Keep in mind this woeful Lions team began the year 6-2, only to stumble to their usual 1-7 record down the stretch. Had they not ran out of season, they'd have assuredly matched that.
Matt Millen is gone, so there goes not only a convenient source of jokes, but also the biggest crutch on which to place blame. Only the Fords remain, and they have much bigger problems on their hands than the performance of an also-ran professional sports team.
The Lions' last six opponents all have winning records, making the possibility of becoming the first 0-16 team in league history not only possible, but probable. They would join the 1976 Tampa Bay Bucs as the only winless team in league history, and you know what, they almost deserve that.
Why, you ask?
Nothing personal against the Lions, and especially their fans. How any fan can purchase so much as a single ticket knowing full well that they likely are going to see their team lose, and lose bad, is a miracle in itself. That they can continue to do it in this economy is another thing entirely, and for that I give them credit.
How the Lions personnel can sell so much as a single season-ticket package is beyond me.
It appears at this stage, only the national embarrassment and immortality of being winless might be the only way to turn this thing around.
We've seen rookie Aikman's Dallas Cowboys go 1-15 in 1989, we've seen the Tuna's 1996 Jets, the 2001 Carolina Panthers, and most recently the 2007 Miami Dolphins all go 1-15. However, none of these teams were really as bad as their records.
Carolina, for example, had no quarterback, and no history of losing. Miami was a dysfunctional team, similar to that Carolina team, with no reliable signal caller.
Yes, these Detroit Lions really are that bad, and I want to see them go 0-16. It would force the ownership to actually do something about their annual disappointment of a team. It would force them to actually evaluate their talent come draft time instead of just taking the failed system of "best player available."

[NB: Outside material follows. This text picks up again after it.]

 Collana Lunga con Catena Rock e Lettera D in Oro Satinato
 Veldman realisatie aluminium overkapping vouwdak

It would force them to actually give a damn about their scouting department and coaching staff, and it would serve as a reality check to the suits in the front office who have become so accustomed to going through the motions of yet another double-digit loss season.
Their remaining schedule looks like this:
Home vs. 7-3 Tampa Bay
Home vs. 10-0 Tennessee
Home vs. 5-5 Minnesota
@ surging 6-4 Indy
Home vs. 5-5 New Orleans
@ 5-5 Green Bay
Of these games, the only truly winnable games I see are against Minnesota and New Orleans. That is because in each instance you don't know which team is going to show up on a weekly basis.

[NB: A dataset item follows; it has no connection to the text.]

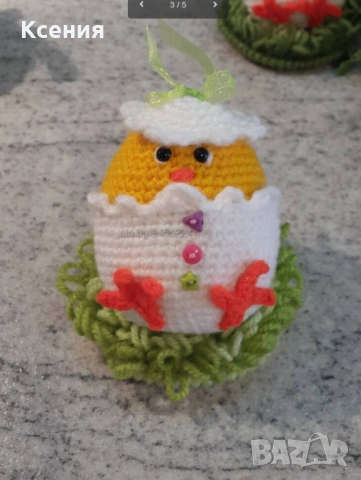 Великденски подаръци. Пиленце момче на тревата. Плетена играчка. Ръчно изработени.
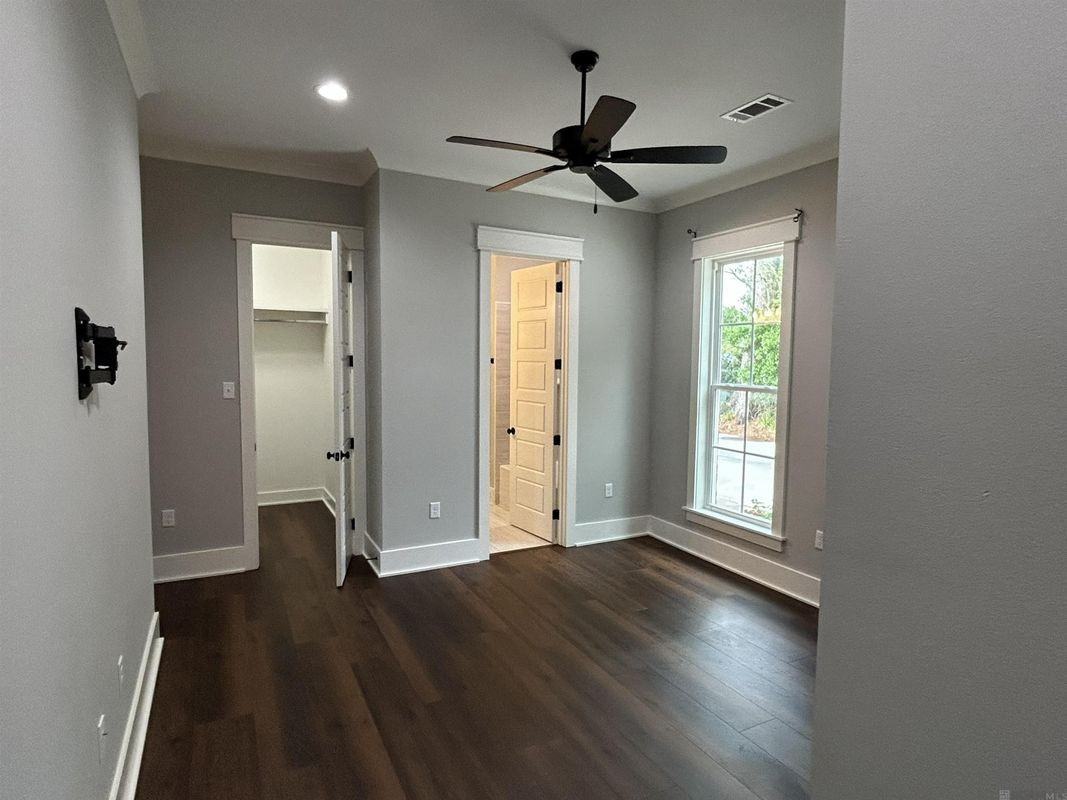 5704 Goodwood Crossing Ln - Photo 4 of 7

Both teams are streaky and each team is facing a ton of suspensions to key starters for violating the league's substance abuse policy should their appeals be denied by Commissioner Goodell, (as expected) thus not only limiting their depth as a result, but taking out numerous Pro Bowl starters in the process.
Mix that in with the fact that last time Minnesota and Detroit played, Minnesota won 12-10 in the closing seconds on a field goal that was aided by a highly controversial pass interference play. This will prove to be Detroit's best chance at staving off immortality and setting a dubious record they should want no part of.